Tag Archives: wordpress

WordPress SEO Sitemap and Heroku

Maybe you have read at a previous post about Heroku and WordPress

that we have been using PostgreSQL as a persistent storage for this current blog.

Aside from the problems with our hosting as it is, from the fact that we could not (and still cannot) run add-on PG4WP effectively with Heroku and WordPress, we found another rather serious problem.

Last night I was browsing Google’s Webmaster Tools

and I found out that my sitemap was not working properly.

Despite the fact that the link was loading (http://www.must-feed.com/sitemap_index.xml) if you got in and tried to load the posts sitemap (http://www.must-feed.com/post-sitemap.xml) it responded with a Not Found (404) page.

Post Sitemaps was Not Found (404)

Looking around the Heroku logs (in terminal write heroku logs) and I found out this really interesting error :

[error] WordPress database error ERROR: date/time field value out of range:
"0000-00-00 00:00:00"\nLINE 1: ...ssword = 'xxasdf' AND post_author
!= 0 AND post_date != '0000-00-0...\n
^ for query 
   SELECT COUNT(ID) FROM wp_posts
   WHERE post_status IN ('publish','inherit') AND
   post_password = '' AND post_author != 0 
   AND post_date != "0000-00-00 00:00:00" AND post_type = 'post' 
made by require('wp-blog-header.php'), wp, WP->main, 
WP->query_posts, WP_Query->query, WP_Query->et_posts, 
do_action_ref_array, call_user_func_array, WPSEO_Sitemaps->redirect, 
WPSEO_Sitemaps->build_sitemap, WPSEO_Sitemaps->build_post_type_map

I digged the code a bit and found out

that the problem was being caused by a query which was ran from WordPress SEO Yoast Plugin.

This query :

SELECT COUNT(ID) FROM $wpdb->posts {$join_filter} 
WHERE post_status IN ('publish','inherit') AND post_password = '' 
AND post_author != 0 AND post_date != "0000-00-00 00:00:00" AND post_type = %s

Had an invalid date for PostgreSQL database.

Not to mention that also, the guy who wrote PG4WP

the module that connects Postgres with WordPress (to be honest that is heavily resource consuming) had thought of sanitizing the query from these cases only at INSERTS:

$sql = str_replace( "0000-00-00 00:00:00", "'now() AT TIME ZONE 'gmt'", $sql);

EDIT: I found out that the above line while writing this post
was SQL Injecting the code which was escaped by  the back slashes of gmt and caused again Postgres to fail so I changed it properly. The ajax action of post creation was calling the wp_insert or wp_update method which in turn was trying to insert a new post. I will come back with another update since I cannot escape single quotes somehow…
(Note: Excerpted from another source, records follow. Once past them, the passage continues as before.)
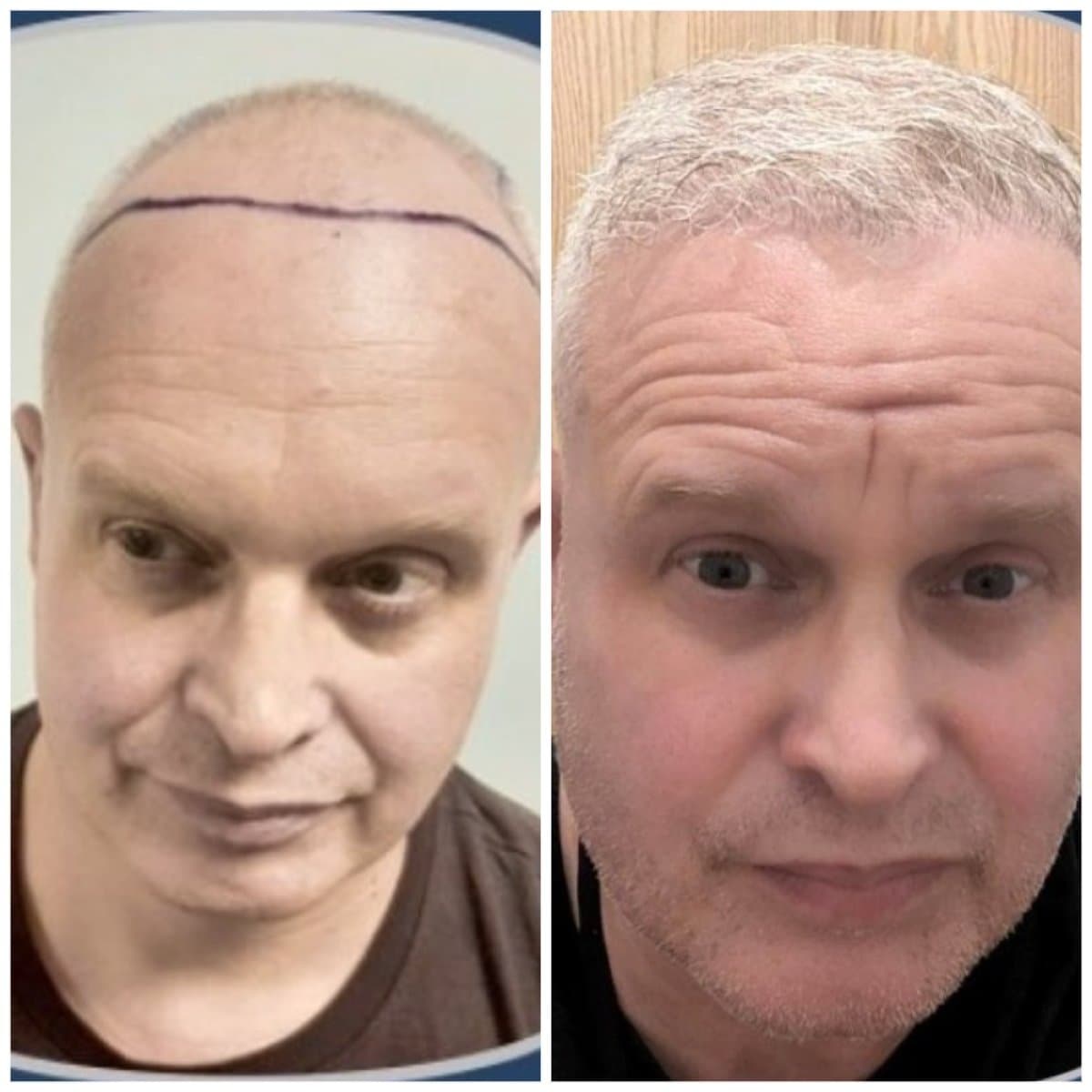 DHI hair transplant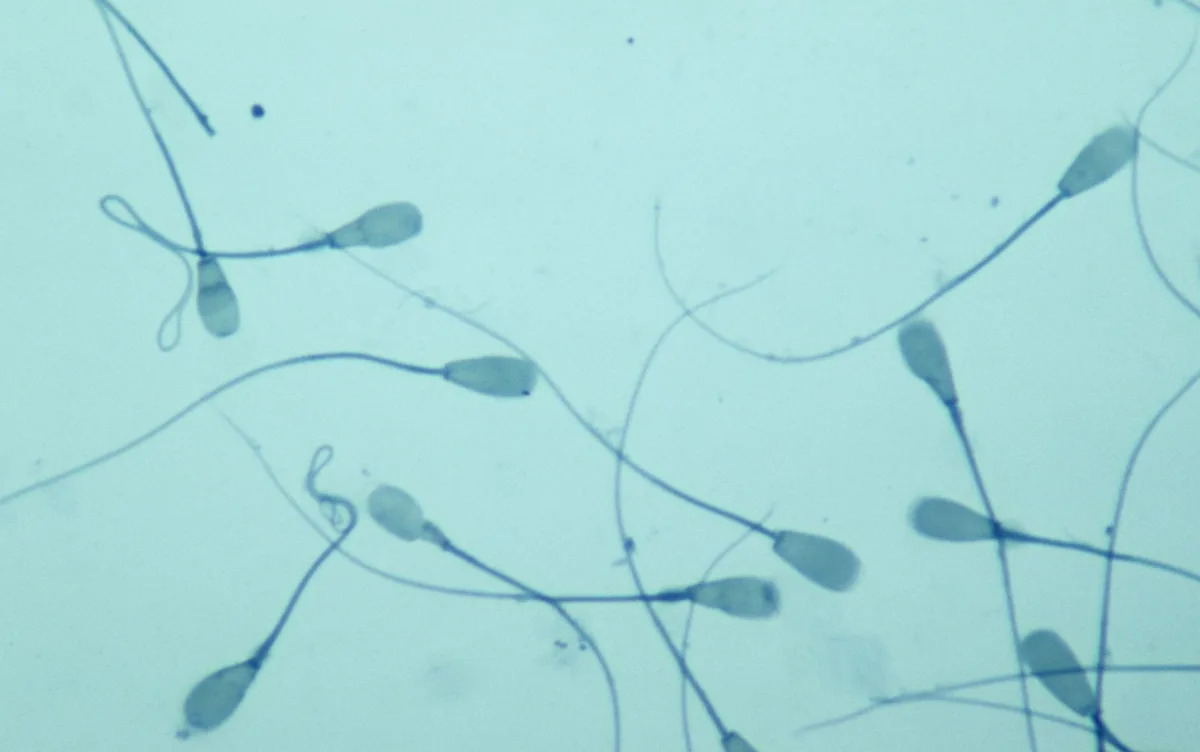 Sperm sent on obstacle course to test limits of space colonisation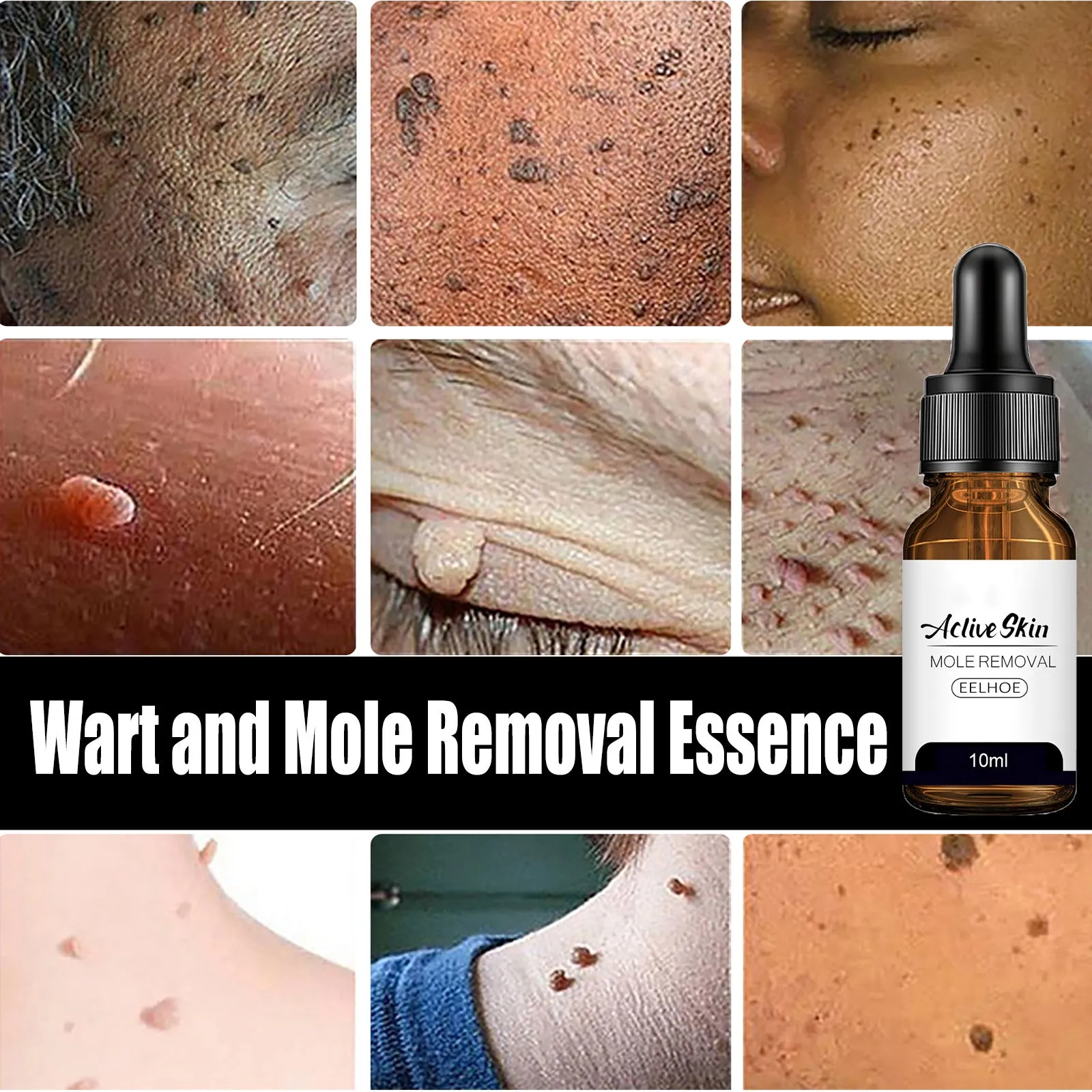 Mole Removal Wart Essence Skin Removal Facial Armpit Flesh Bump Repair Cleaning Care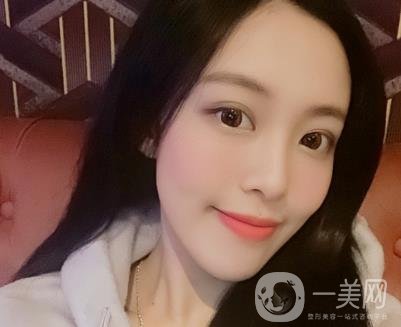 成都美容整形医院做脂肪填充全脸*果靠谱吗?近期价格表和案例参考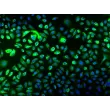 Human Small Airway Epithelial Cells (HSAEpiC) - Immunostaining for CK-18 200x
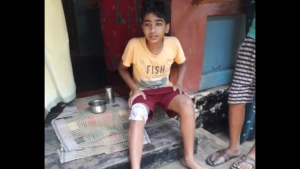 
                        കൂനംവെള്ളിക്കാവിൽ കാട്ടുപന്നി ആക്രമണം: ഒരു കുട്ടിക്ക് പരിക്ക്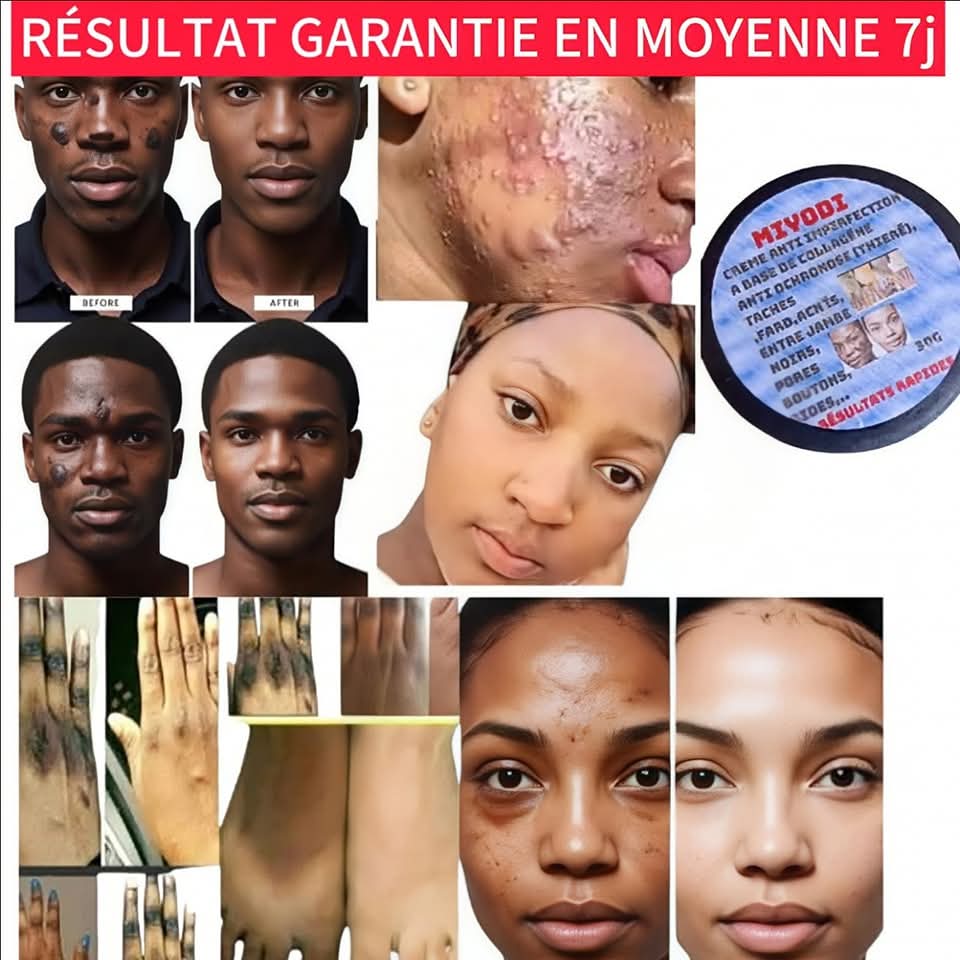 CREME MIRACLE 7J  POUR HOMME et FEMME CONTRE LES TACHES , THIEREI, ACNÉS ,BOUTONS, HYPERPIGMENTATION,PORES, ENTRE JAMBES NOIRS,FARDS, QUINTOS... LIVRAISON GRATUITE DAKAR ET ENVIRONS LES RÉGIONS 1000F PARTOUT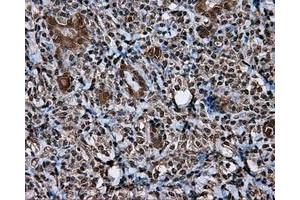 Immunohistochemical staining of paraffin-embedded Kidney tissue using anti-MCL1 mouse monoclonal antibody. (MCL-1 抗体)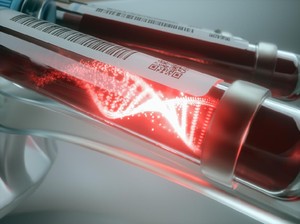 Risiko Ebola Meningkat, Kanada dan Bahama Terapkan Pembatasan untuk 3 Negara Afrika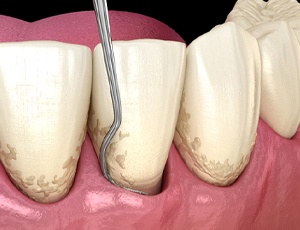 Illustration of scaling and root planing in Carrollton, TX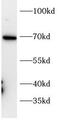 Cell Adhesion Molecule 1 antibody, FNab10751, FineTest, Western Blot image 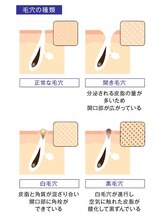 ジェンヌ(jenne.)/毛穴を見極めます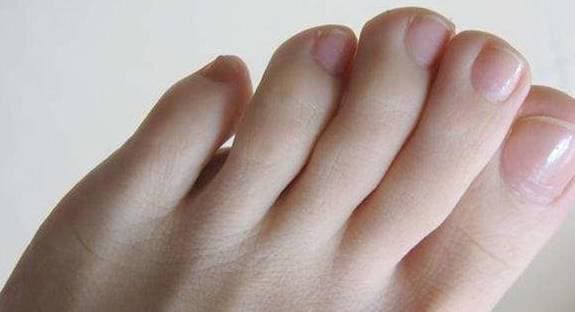 ung thư, dấu hiệu ung thư, thực phẩm tránh ung thư
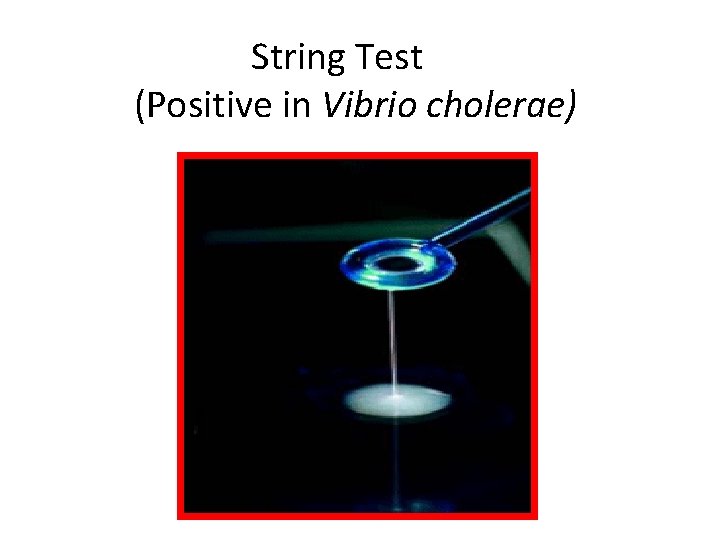 String Test (Positive in Vibrio cholerae) 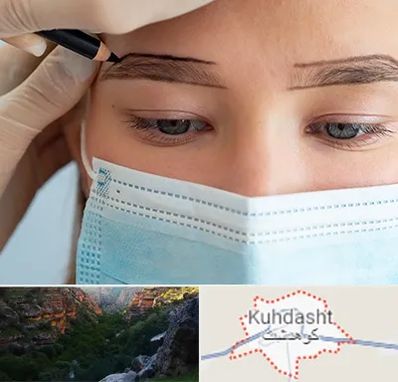 کاشت ابرو در کوهدشت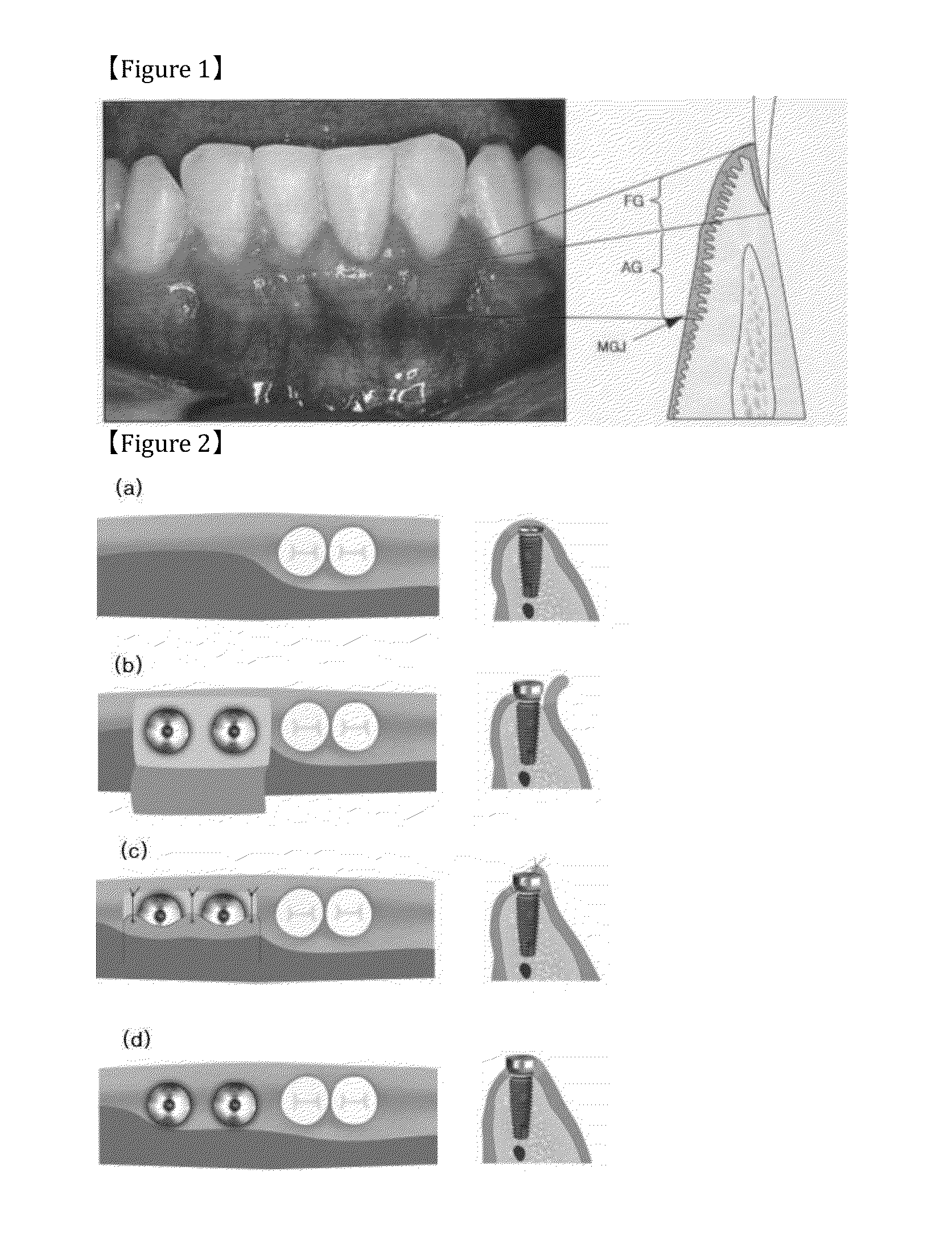 Button for implnat healing abutment and implant healing abutment having pressing part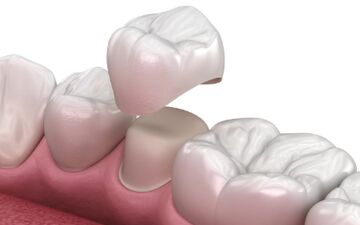 روکش دندان برای چه افرادی مناسب است؟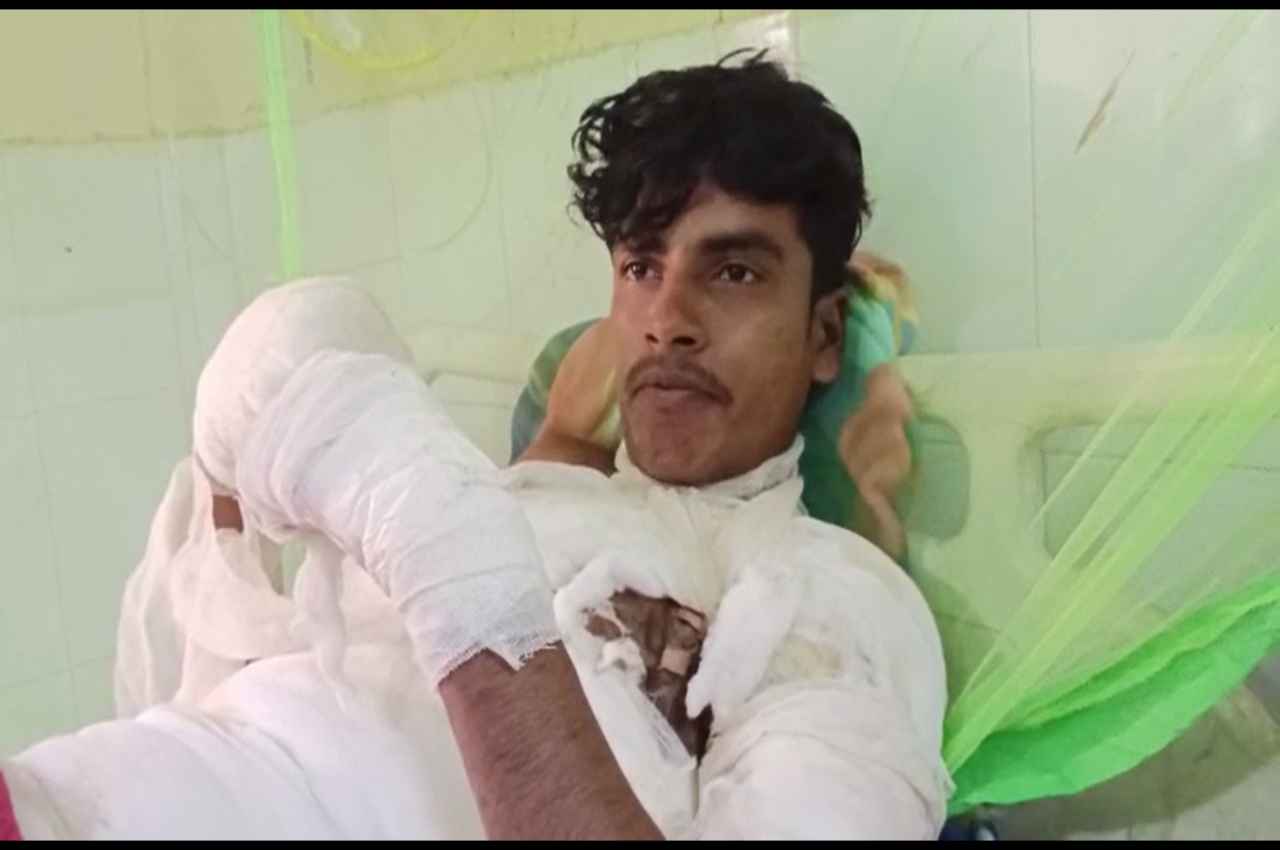 हवालात में बंद युवक ने खुद को लगाई आग, SP जीआरपी ने थानेदार के खिलाफ लिया बड़ा एक्शन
And not on SELECTS and UPDATES.

So all I had to do was add a new line at 290

of file : /wp-content/pg4wp/driver_pgsql.php

$sql = str_replace("0000-00-00 00:00:00", "1977-01-01", $sql);

to sanitize the SELECT and the posts sitemap page (and xml) was being loaded properly:

EDIT: I have also found out that the same bug applies with the press_this.php functionality and you cannot use it (you need to sanitize this as well).

EDIT 2: There are numerous errors during rewrite from different modules. I will come up with my patches at a new github repo. Recently I found out that Jetpack also had a problem, more on that later.

Not Found error disappeared and the Posts entries were generated in the xml.
 Finally after all those I have to say

that the way WordPress uses the Database is the least RIDICULOUS.

Having worked with many systems on web, I suggest to move to a more database agnostic framework, such as pdo_mysql.